Exercise data:
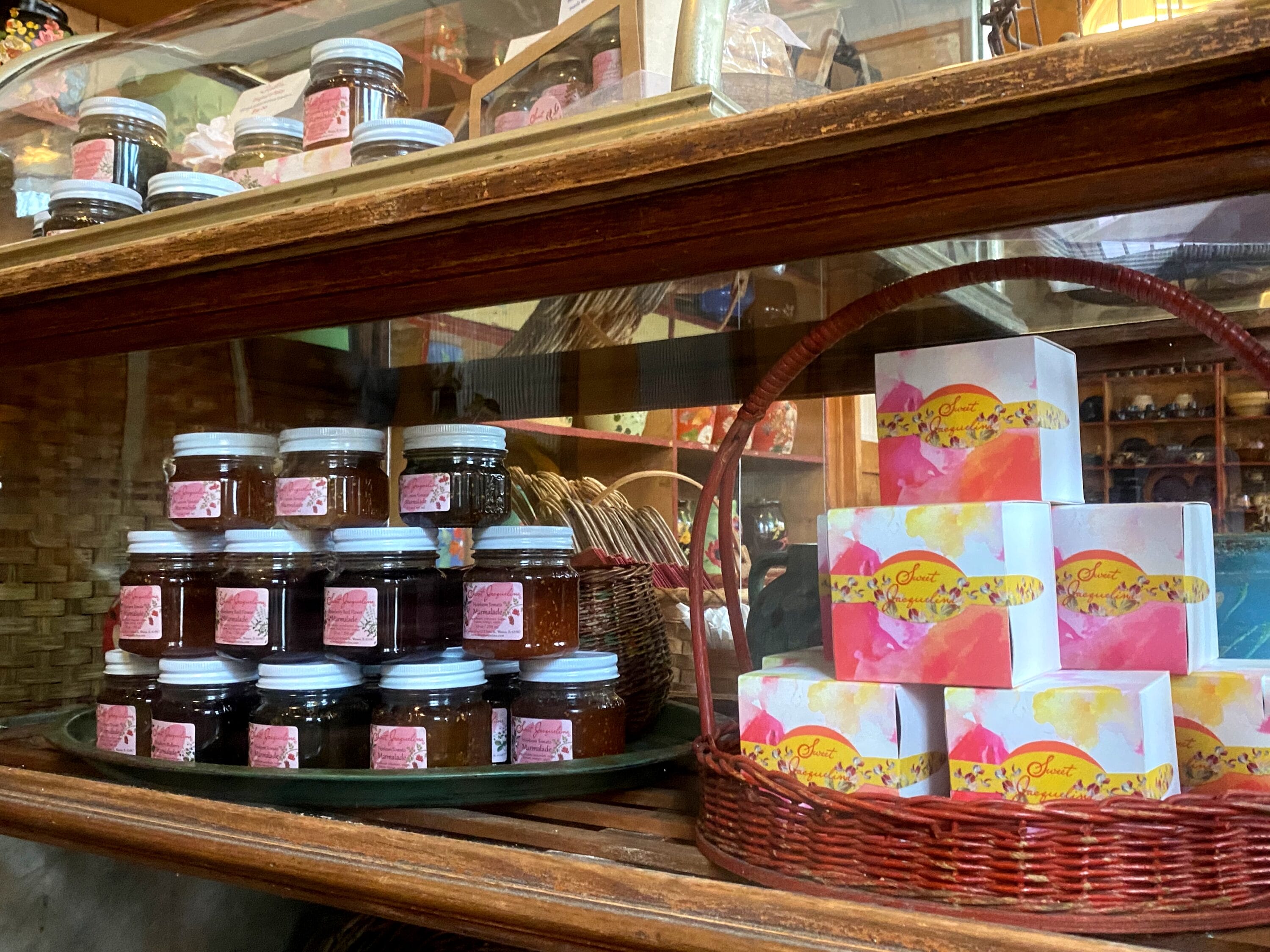 Several honey colored jam jars stacked next to similarly stacked colorful boxes in a basket.
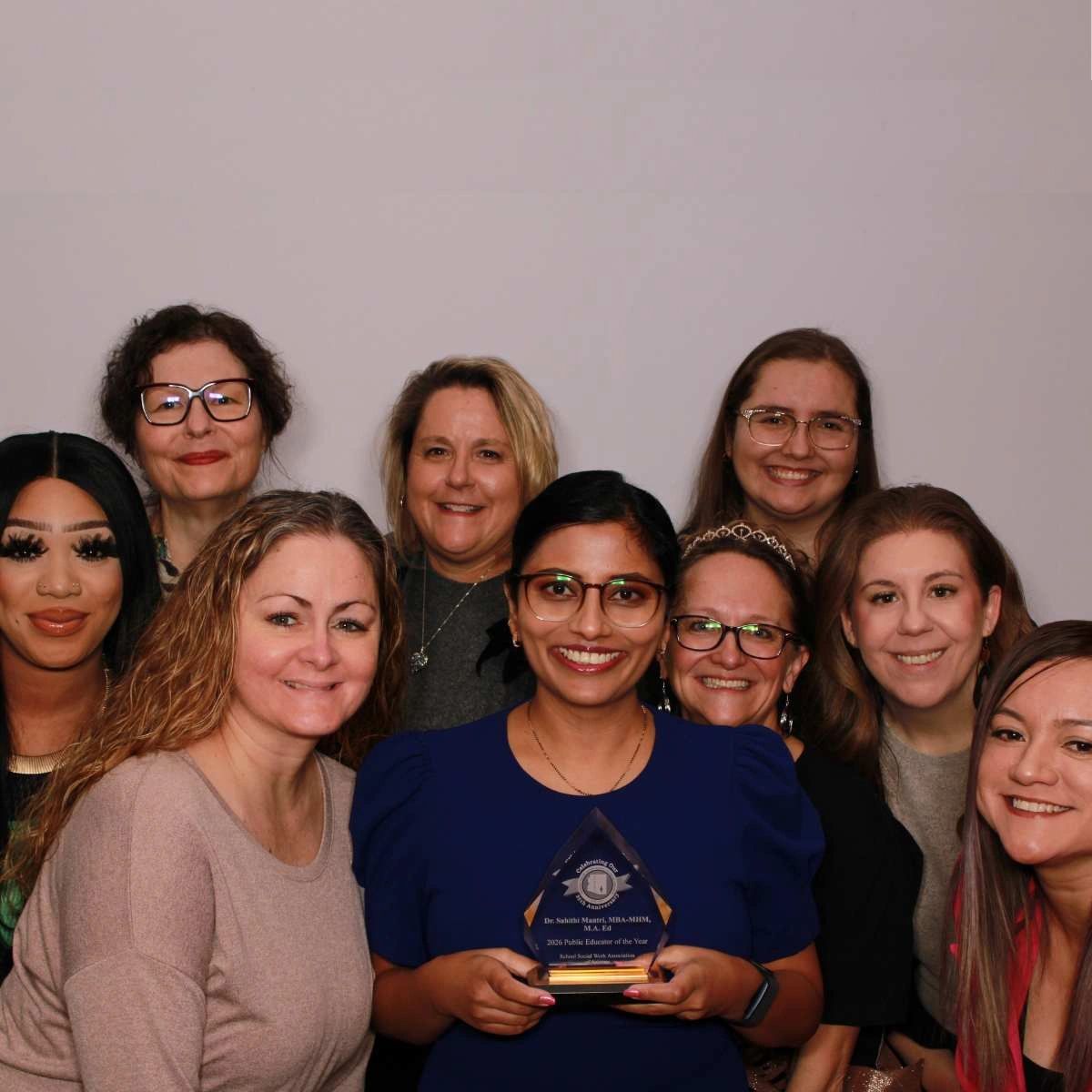 A team member poses with her award received at an annual education conference in Scottsdale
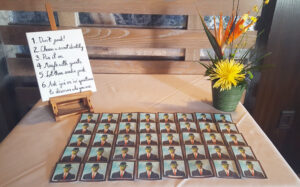 Tropical centerpiece and game on table for birthday party.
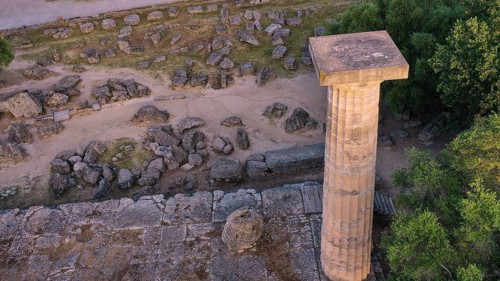 Column of the Temple of Zeus in morning light, close-up of a stone column on a ruined site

Exercise goal:
Retype the data above as given, letting no picture into the copy.

Exercise answer:
 Several honey colored jam jars stacked next to similarly stacked colorful boxes in a basket.
 A team member poses with her award received at an annual education conference in Scottsdale
 Tropical centerpiece and game on table for birthday party.
 Column of the Temple of Zeus in morning light, close-up of a stone column on a ruined site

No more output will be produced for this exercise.